Global shipping moves around 80 per cent of all the cargo and essential commodities worldwide and is the backbone of the international logistics chain.

The majority of this cargo is carried by cargo ships, which have ballast tanks at the bottom. These tanks are filled with seawater at the starting port where the empty vessels sail to maintain balanced navigation; when the ship arrives at the destination port, the water in the ballast tank is discharged.

This traditional conception of cargo water tanks has two major drawbacks:

• the empty ship sailing increases the weight of the ballast tank filled with ocean water, which increases the energy consumption of the ship;
• the seawater loaded in the water tank is discharged, causing marine pollution.

There are about 10 billion tons of cargo water carried by vessels worldwide. Ballast water discharge from vessels on transnational passages has caused the eruption of alien organisms and has been listed as one of the four major hazards of the ocean by the Global Environmental Protection Fund (GEF). At present, Ship owners, business directors, etc., rely on ballast water treatment, similar to heating, electrolysis, and UV treatment.

The United States has espoused several measures, like ballast water relief and retention of operation freights on board. Still, these ballast water treatment technologies aren’t only time-consuming and labour-intensive but also increase operating costs and ultimately reduce owner profit. The International Maritime Organization (IMO) estimates that ballast water discharges harbour billions of organisms daily, posing a significant threat to biodiversity.

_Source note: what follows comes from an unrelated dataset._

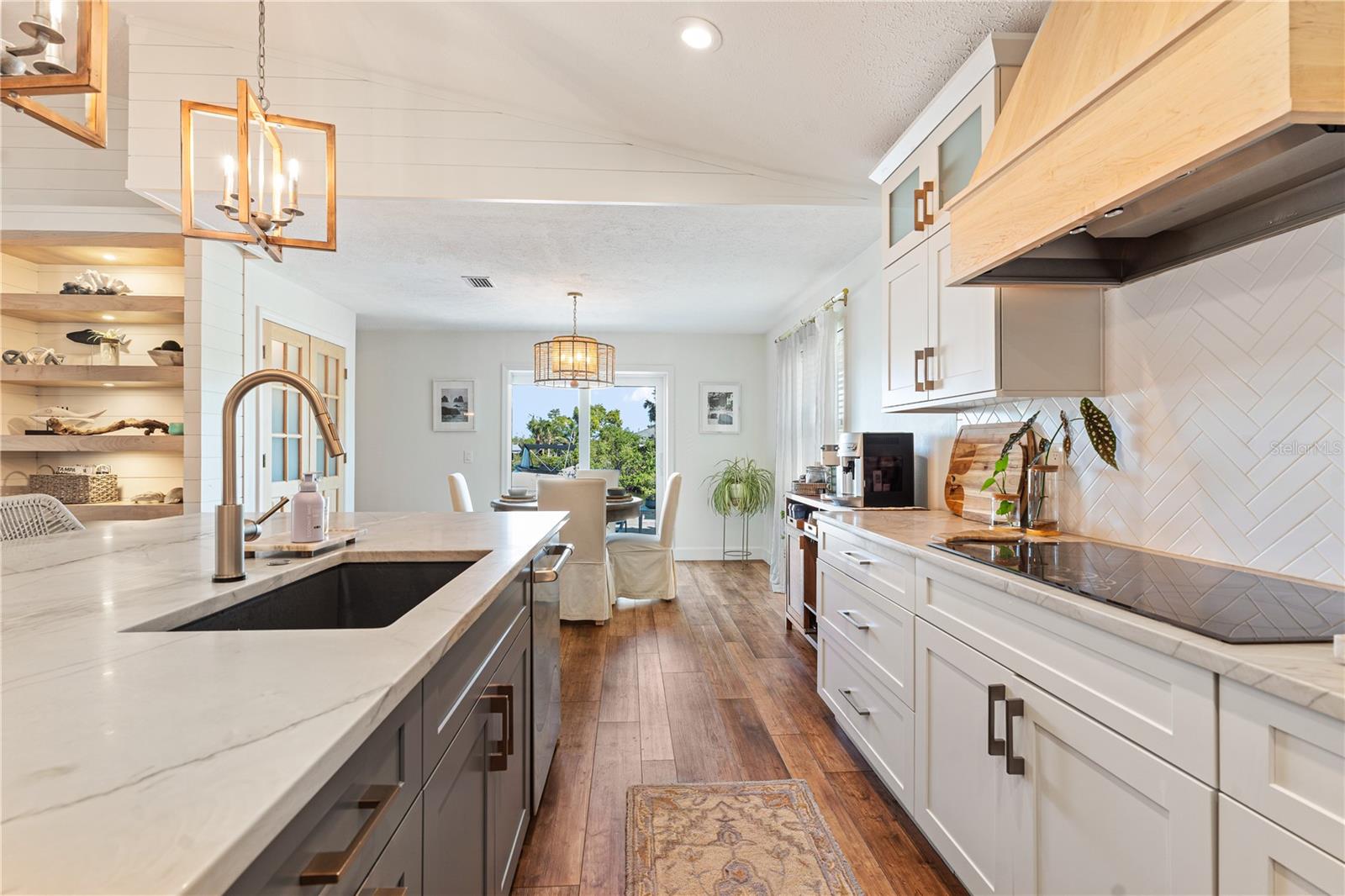 Image 12 of 34 For 6611 Surfside Boulevard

Considering all of this, a race has begun worldwide to find a cost-effective solution to this great engineering problem.

Here, we take a deep dive into the captivating prospects of Ballast-free ships. This revolutionary idea will surely change the norm of ship construction and usher in a new era in the maritime sector. Ballast-laden ships have been the norm since the late 19th century, and until the late 2000s, the problem of ballast water discharge was not recognised.

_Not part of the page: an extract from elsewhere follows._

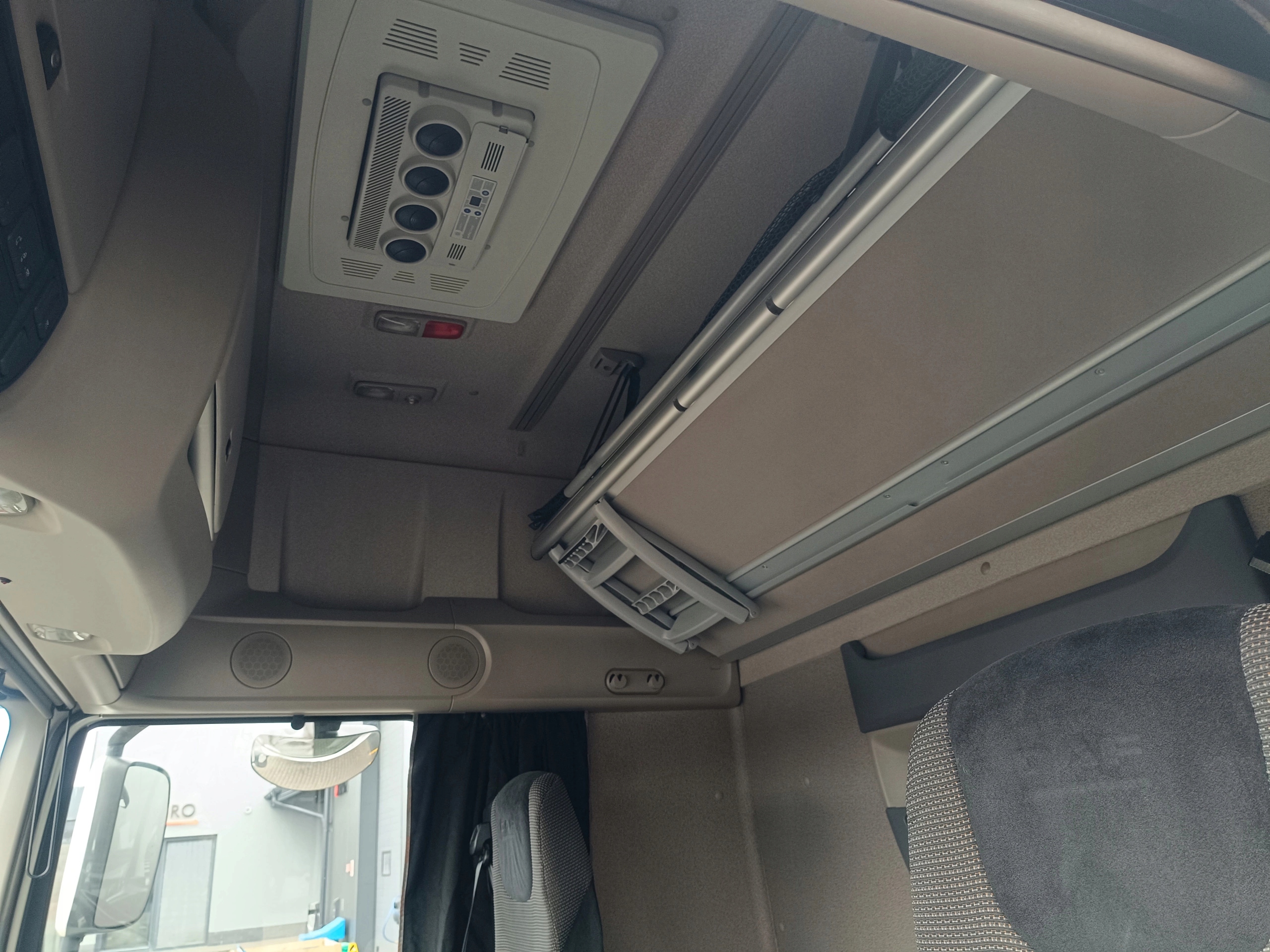 KABINA DAF XF 106 - obrazek 9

The Adverse Effects of Ballast Water Discharge

The issue of invasive species through ballast water discharge is a significant concern for marine biologists and conservationists. Microscopic organisms like plankton, along with more giant creatures like fish larvae and crustaceans, can be inadvertently transported in ballast tanks.

When released in foreign ports, these organisms can establish themselves in new environments, disrupting the delicate balance of native ecosystems. Invasive species can out-compete native species for food and resources, alter food webs, and even introduce diseases.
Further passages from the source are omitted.